To Help Children Learn Deeply, Ask Them To Explain
Sparks reports on a symposium at the annual Association for Psychological Science research meeting held late last month, where panelists discussed how and when asking students for explanations can best enhance their learning:
“’Often students are able to say facts, but not able to understand the underlying mathematics concept, or transfer a problem in math to a similar problem in chemistry,’ said Joseph Jay Williams, a cognitive science and online education researcher at the University of California, Berkeley.
For example, a student asked to explain why 2 x 3 = 6 cannot simply memorize and parrot the answer, but must understand the underlying relationship between multiplication and addition, Williams said. Students who can verbally explain why they arrived at a particular answer have proved in prior studies to be more able to catch their own incorrect assumptions and generalize what they learn to other subjects.
‘We know generating explanations leads to better educational outcomes generally. When children explain events, they learn more than when just getting feedback about the accuracy of their predictions,’ said Cristine H. Legare, an assistant psychology professor and the director of the Cognition, Culture, and Development Laboratory at the University of Texas at Austin.

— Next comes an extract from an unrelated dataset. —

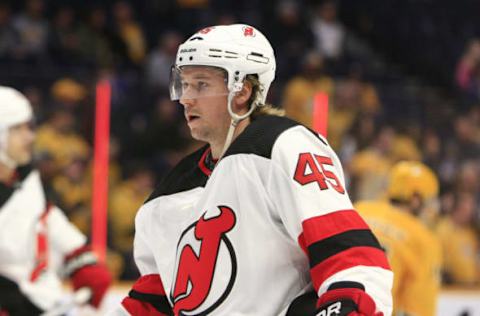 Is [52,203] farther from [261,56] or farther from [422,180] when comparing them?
[261,56]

In forthcoming research with UC-Berkeley, Ms. Legare brought in 96 children ages 3 to 5 and set before them a complex toy made up of colorful, interlocking gears with a crank on one end and a propeller on the other.
With half the children, the researchers asked each one, ‘Can you explain this to me?’ With the other half, they simply said, ‘Oh look, isn’t this interesting?’
The two groups of children focused on different things, researchers found. Children who were asked to observe noticed the colors of the toy, while those asked to explain focused on the chain of gears working on each other to eventually turn the propeller when the child turned the crank at the other end.
Children who had explained the toy were better at re-creating it and not being distracted by ornamental gears, and they were better able to transfer what they had learned about how gears work to new tasks.
The children who had observed the toy outperformed the children in the explanation group on a memory task focused on the toy’s colors.” (Read more here.)
Fascinating: asking children to explain rather than observe leads them to focus differently, act differently, and ultimately learn differently. Of course, there are situations in which observing is the skill we want to cultivate—but this research is a good reminder that being asked to explain (as opposed to listening to someone else’s explanation) is often a great way to promote deep learning.